SEM imaging applications

The Scanning Electron Microscope (SEM) supports a wide variety of diverse applications including secondary electron imaging, backscatter electron imaging, cathodoluminescence imaging and electron backscatter diffraction.

For further details about imaging and sample requirements please contact our facility staff.

Secondary Electron (SE) Imaging

Secondary electrons produced when an electron beam interacts with the surface of the sample, enable fine-scale (nm) surface features and topographic detail to be imaged. The SEM images have far greater spatial resolution and depth of focus than optical microscopes.

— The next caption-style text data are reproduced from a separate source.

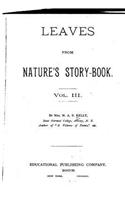 Leaves from Nature's Story-book - Vol. III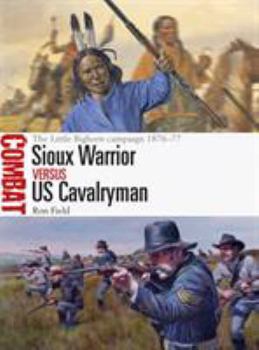 Paperback Sioux Warrior Vs Us Cavalryman: The Little Bighorn Campaign 1876-77 Book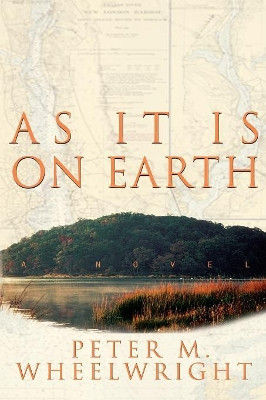 As It Is On Earth by Peter Wheelwright 9781937677183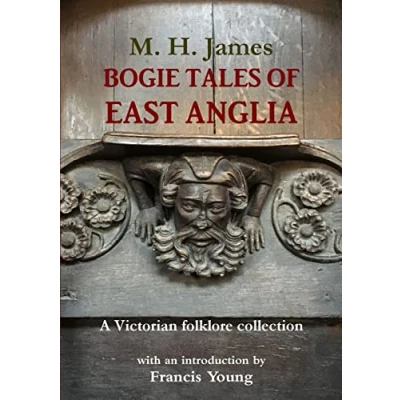 Abbildung von Bogie Tales of East Anglia: A Victorian Folklore Collection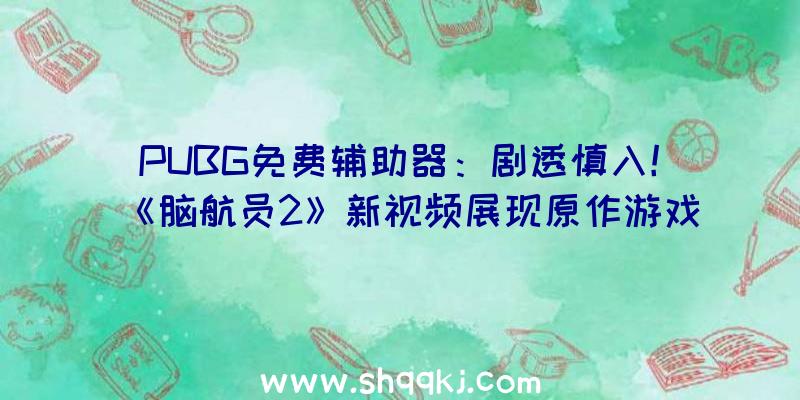 PUBG免费辅助器：剧透慎入！《脑航员2》新视频展现原作游戏导师Ford去向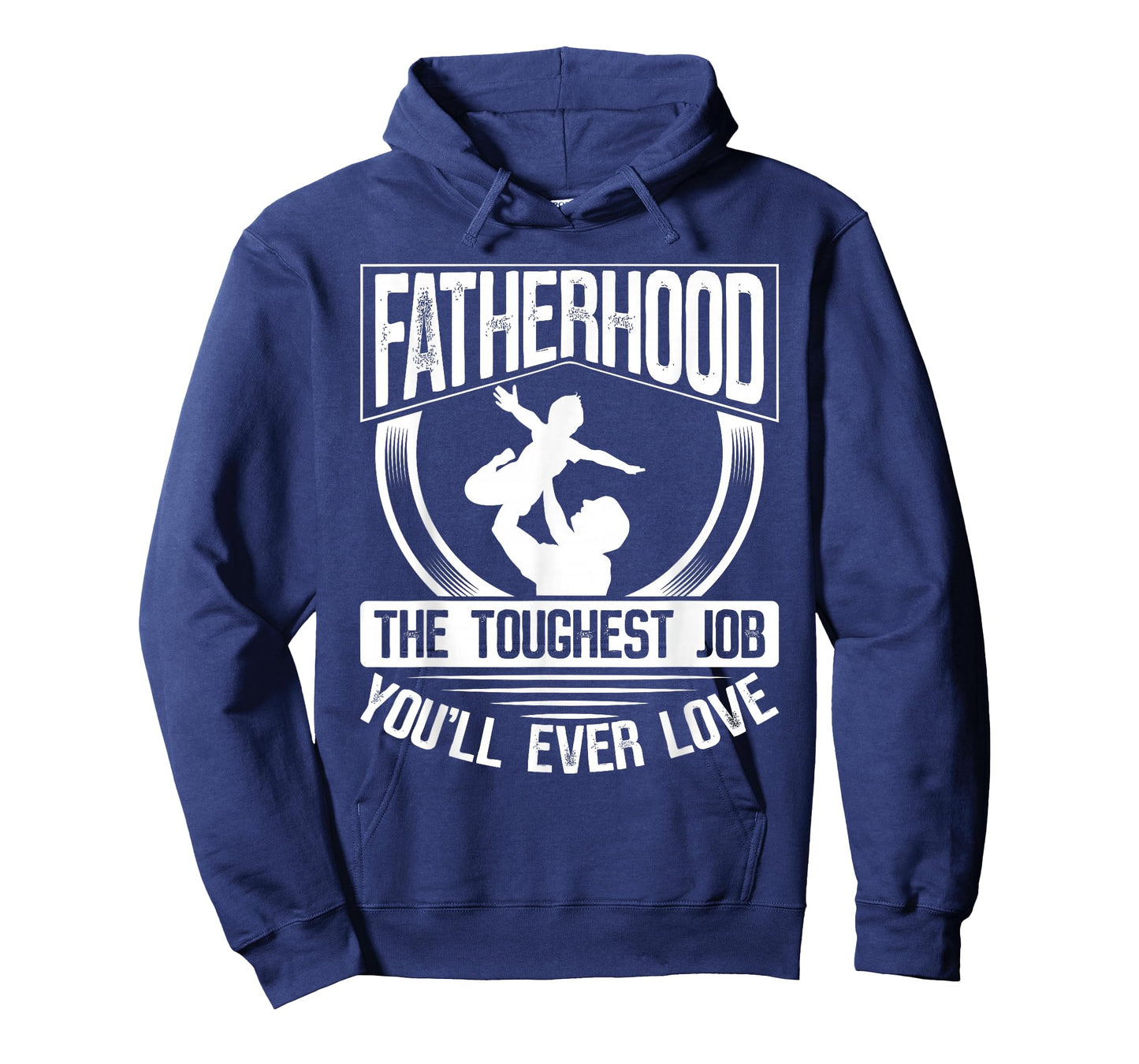 Fatherhood: The Toughest Job You'Ll Ever Love Dad Father's Day T-Shirt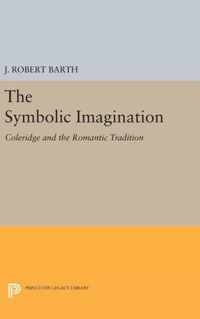 The Symbolic Imagination - Coleridge and the Romantic Tradition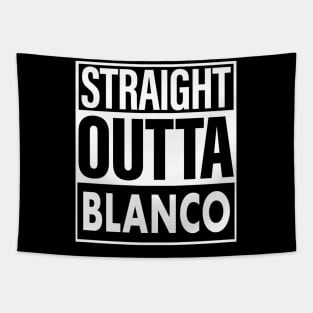 Blanco Name Straight Outta Blanco Tapestry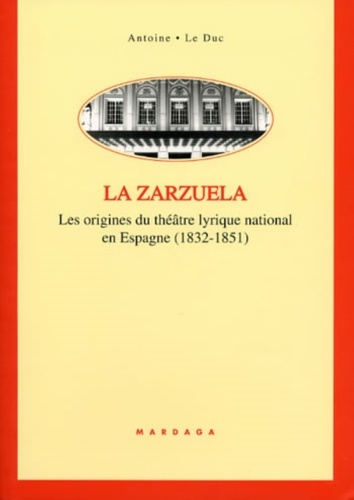 Antoine Le Duc - La Zarzuela. Les Origines Du Theatre Lyrique National En Espagne (1832-1851).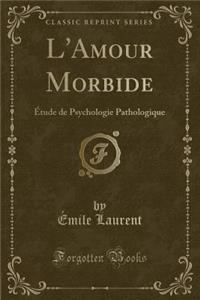 L'Amour Morbide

Backscatter Electron (BSE) Imaging

Backscatter electrons allow compositional variation to be imaged as different grey-scales. Materials with a mean high atomic number composition appear brighter than those of low atomic number, enabling the imaging of compositional variation and growth zoning.

Cathodoluminescence (CL) imaging

Certain materials will emit light when bombarded by an electron beam. This luminescence can be imaged using a CL detector. Variations in the intensity of the light emitted can be influenced by impurities and crystal defects. CL is particularly useful for imaging features such as growth zoning or crystal overgrowths that are not easily imaged by other methods.

Electron Backscatter Diffraction (EBSD)

EBSD can be used to obtain crystallographic information from the diffraction patterns generated when the electron beam interacts with a crystalline sample. The technique can provide information for absolute crystallographic orientation, microtextures and preferred crystal orientation, deformation and strain, polymorph identification, damage to crystal structure, grain size and grain boundaries.

The technique can be used to analyse:

  • Absolute crystallographic orientation
  • Microtextures and preferred crystal orientation
  • Deformation and strain
  • Polymorph identification 
  • Damage to crystal structure 
  • Grain size and grain boundaries

​​​​​Damage to crystal structure

We have provided 'An EBSD study of the damage to zircon crystals' by Dr Nicola Cayzer and Dr Richard Hinton from the School of GeoSciences.  

It is available for PDF download:

Identification of polymorphs

The EBSD technique can be used to identify different polymorphs from their diffraction patterns.